Web page caption snippets>
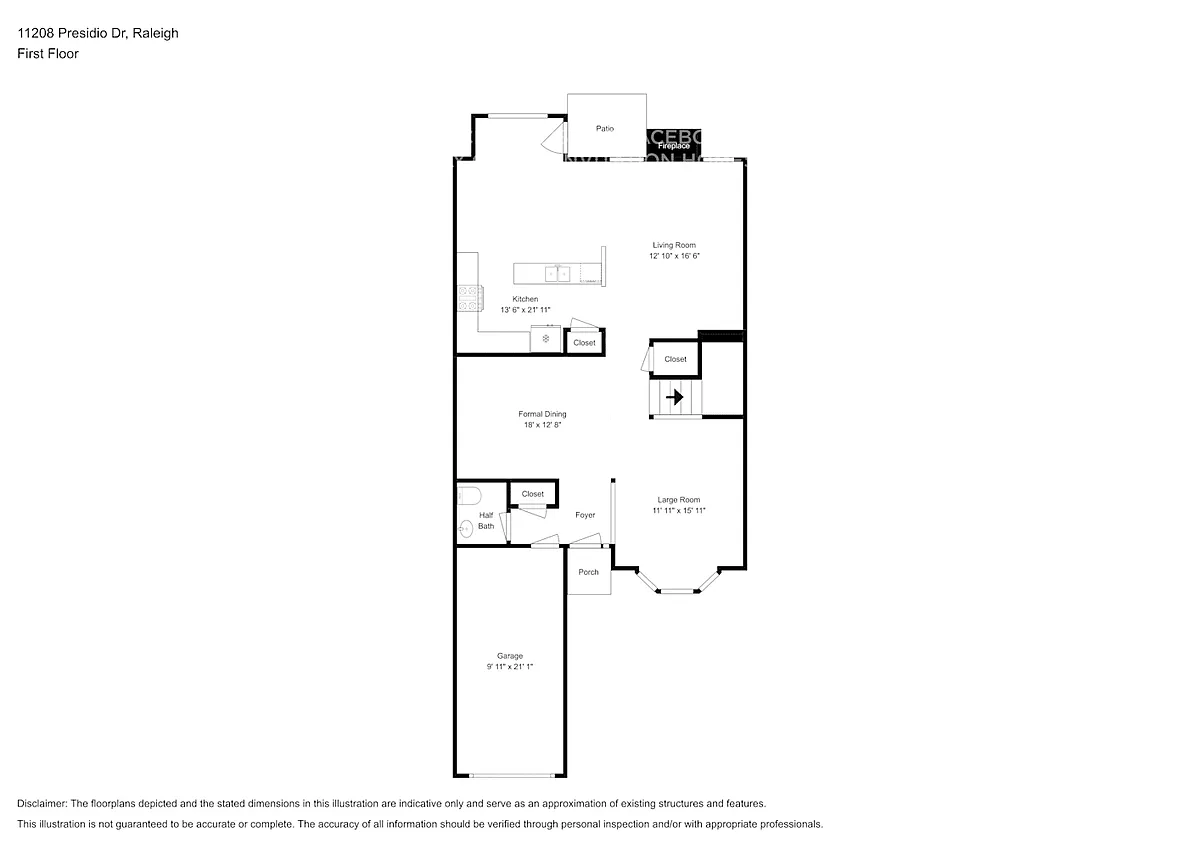 Building Photo - 11208 Presidio Dr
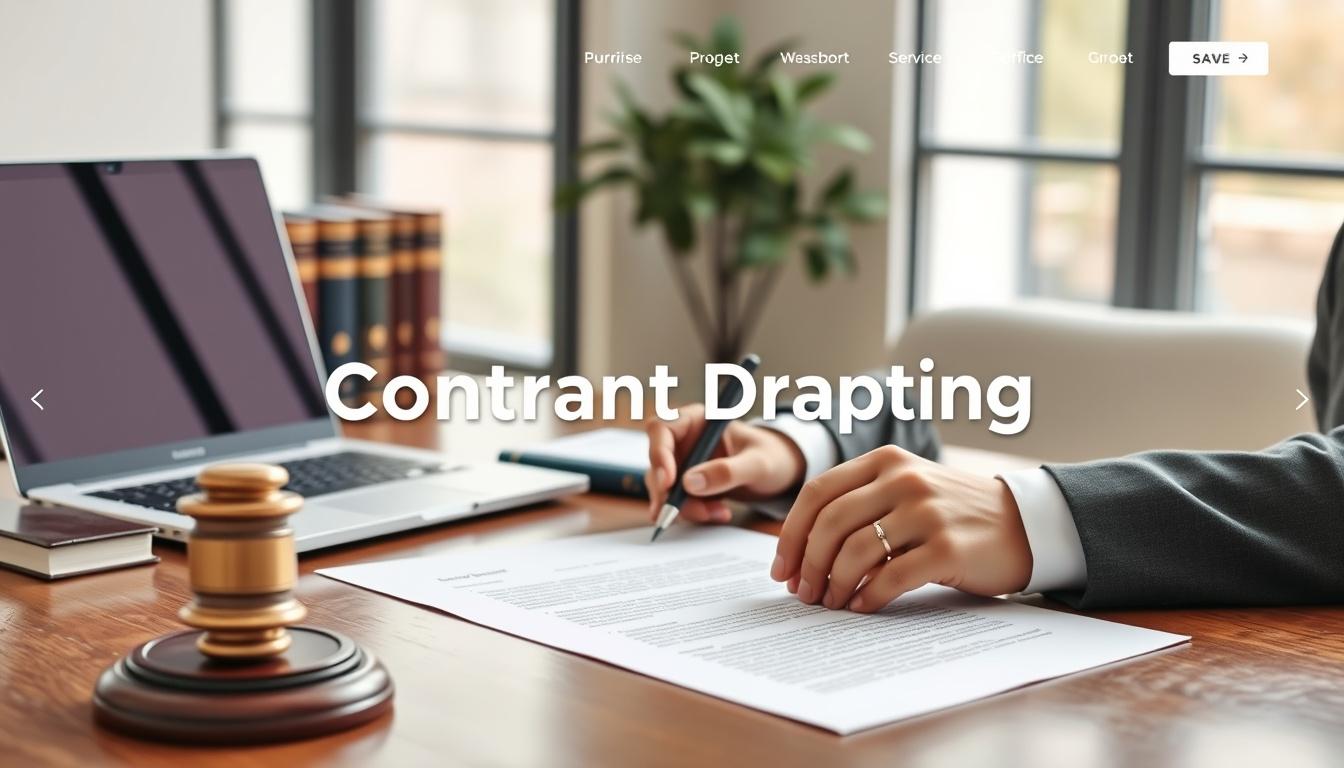 Comprehensive Contract Drafting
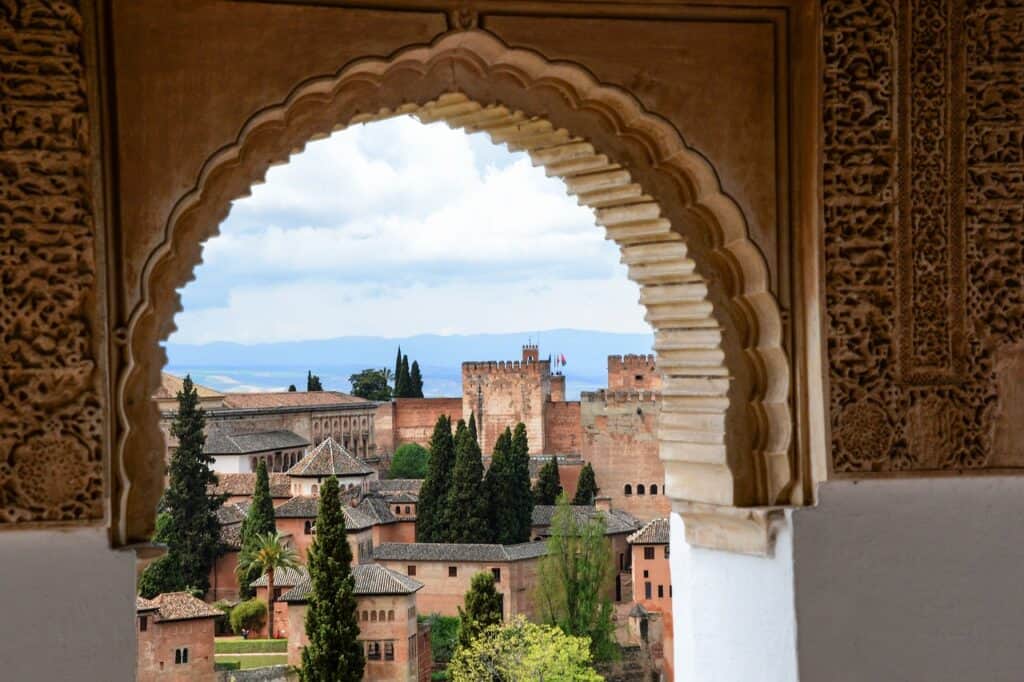 Alhambra Granada Andalucia 4296920 1280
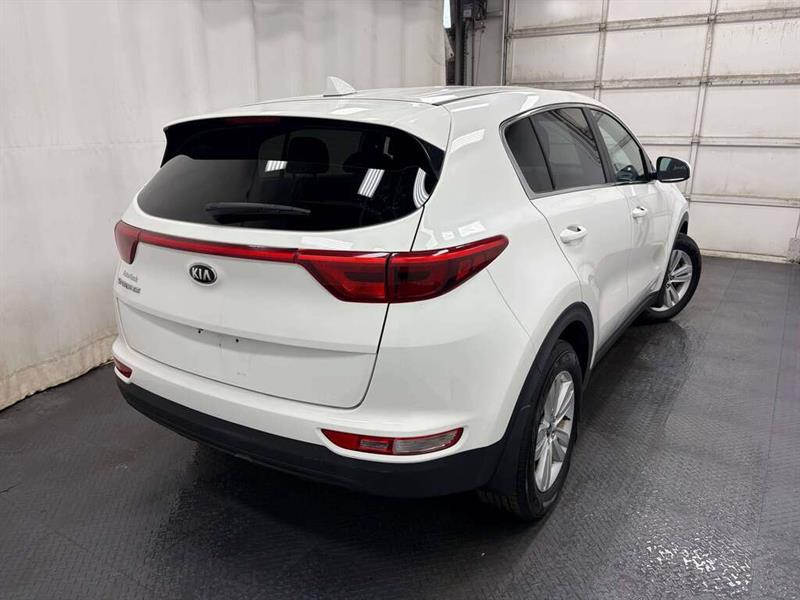 kia Sportage 2017 - 8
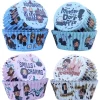 PME Harry Potter Cupcake Vormpjes Ø52mm 60st.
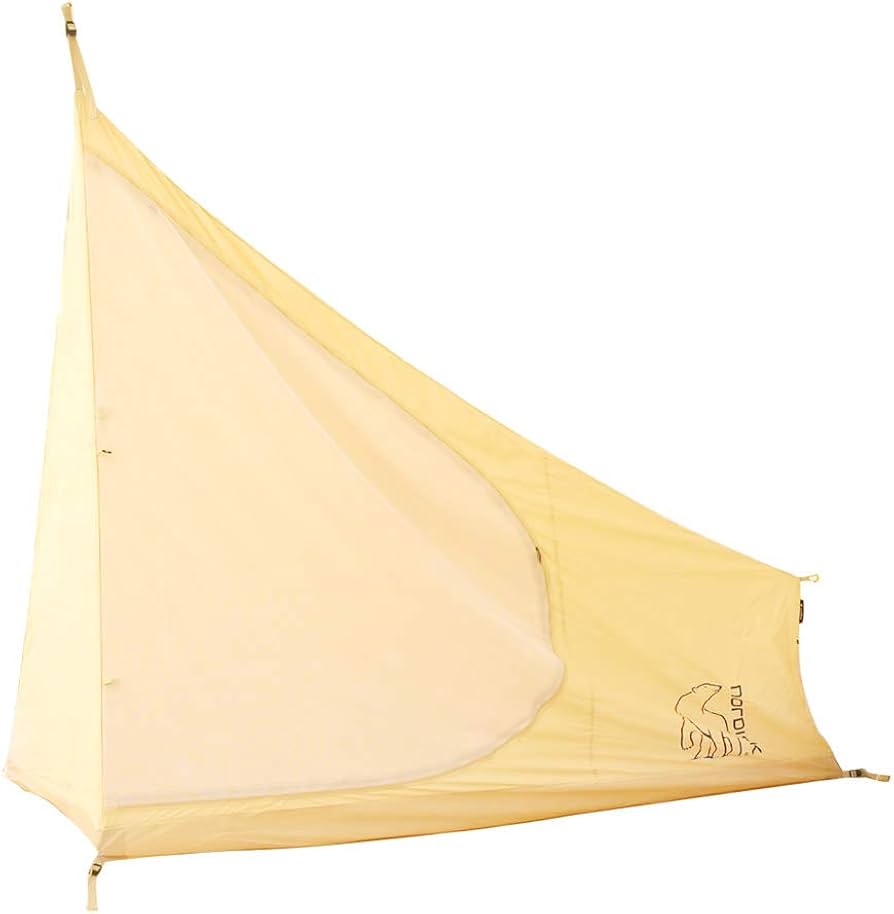 Amazon.co.jp: Nordisk Asgard 19.6 Cabin Left+Right 145021 Asgard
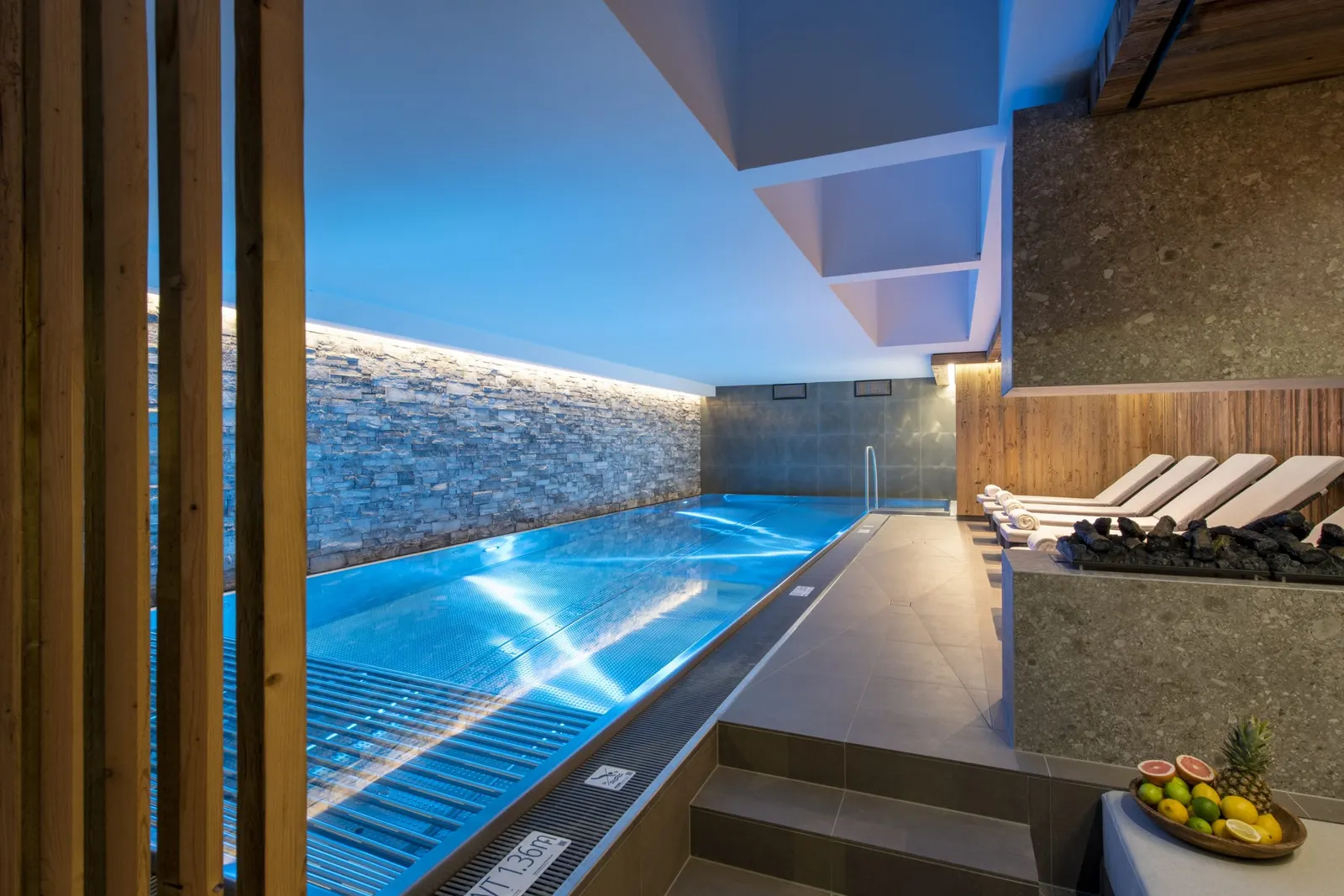 Brunnenhof Penthouse — photo 6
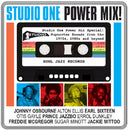 Soul Jazz Records Presents - Studio One Power Mix [Download Included]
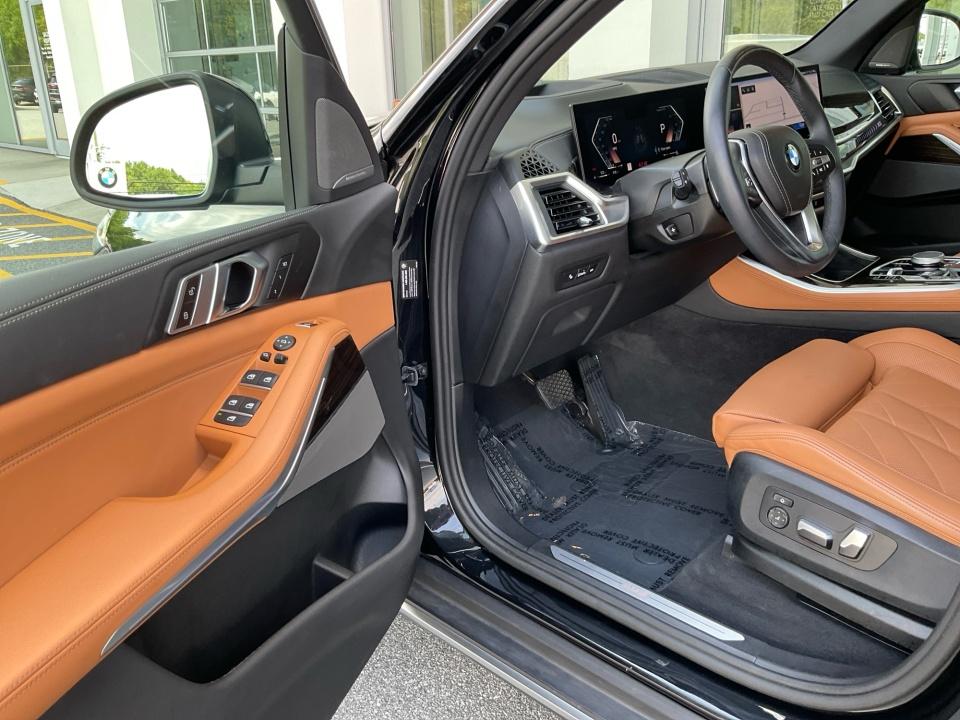 Used 2024 BMW X5 SUV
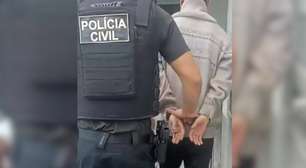 Pai e filho são presos por torturar homem e gravar agressões para facção em Rosário do Sul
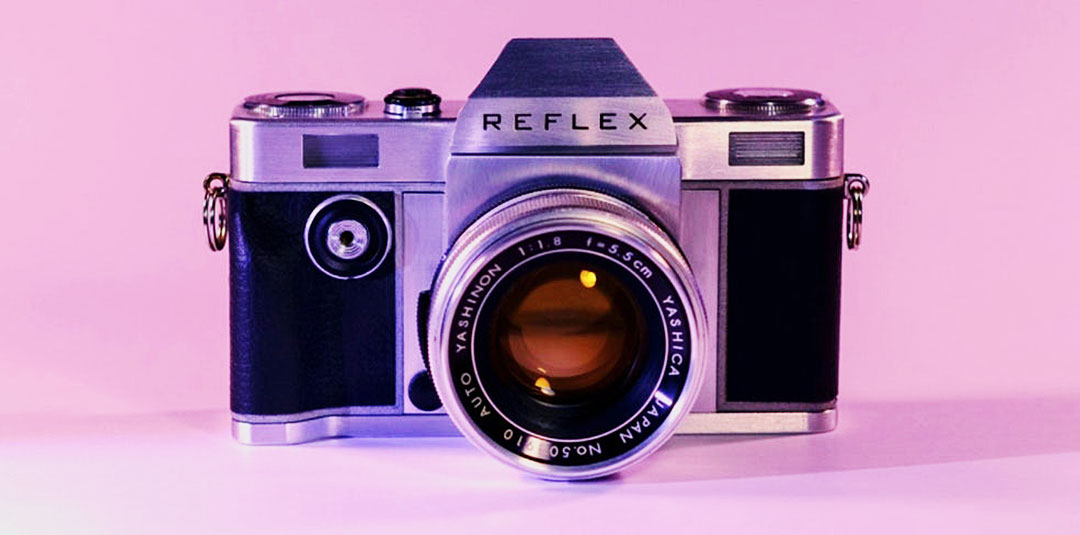 A new film camera destined for fame or the dustbin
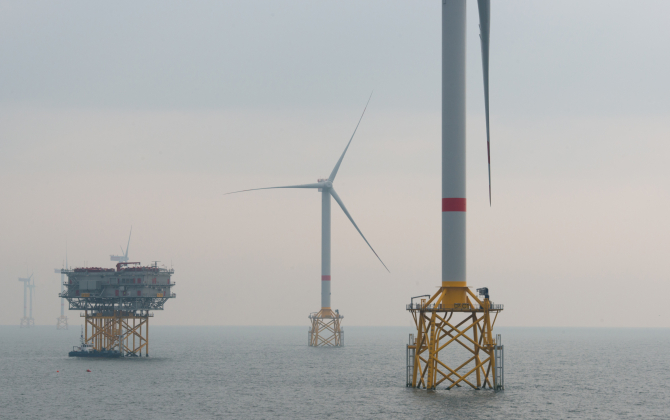 Le fabricant d'éoliennes en mer Siemens Gamesa lance ses premiers appels d'offres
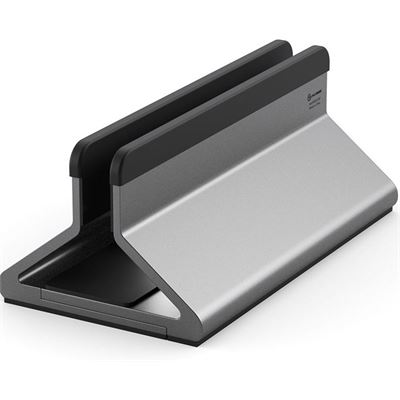 ALOGIC BOLT ADJUSTABLE LAPTOP STAND - GREY ALOGIC — view 2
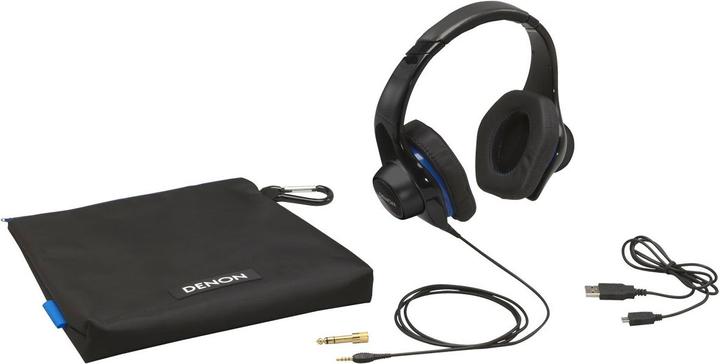 Actual product image Denon Ah-D401 (12 h, Wireless)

What you have to do> Each record above should be retyped exactly, with no pictures carried over.

Exercise result>
 Building Photo - 11208 Presidio Dr
 Comprehensive Contract Drafting
 Alhambra Granada Andalucia 4296920 1280
 kia Sportage 2017 - 8
 PME Harry Potter Cupcake Vormpjes Ø52mm 60st.
 Amazon.co.jp: Nordisk Asgard 19.6 Cabin Left+Right 145021 Asgard
 Brunnenhof Penthouse — photo 6
 Soul Jazz Records Presents - Studio One Power Mix [Download Included]
 Used 2024 BMW X5 SUV
 Pai e filho são presos por torturar homem e gravar agressões para facção em Rosário do Sul
 A new film camera destined for fame or the dustbin
 Le fabricant d'éoliennes en mer Siemens Gamesa lance ses premiers appels d'offres
 ALOGIC BOLT ADJUSTABLE LAPTOP STAND - GREY ALOGIC — view 2
 Actual product image Denon Ah-D401 (12 h, Wireless)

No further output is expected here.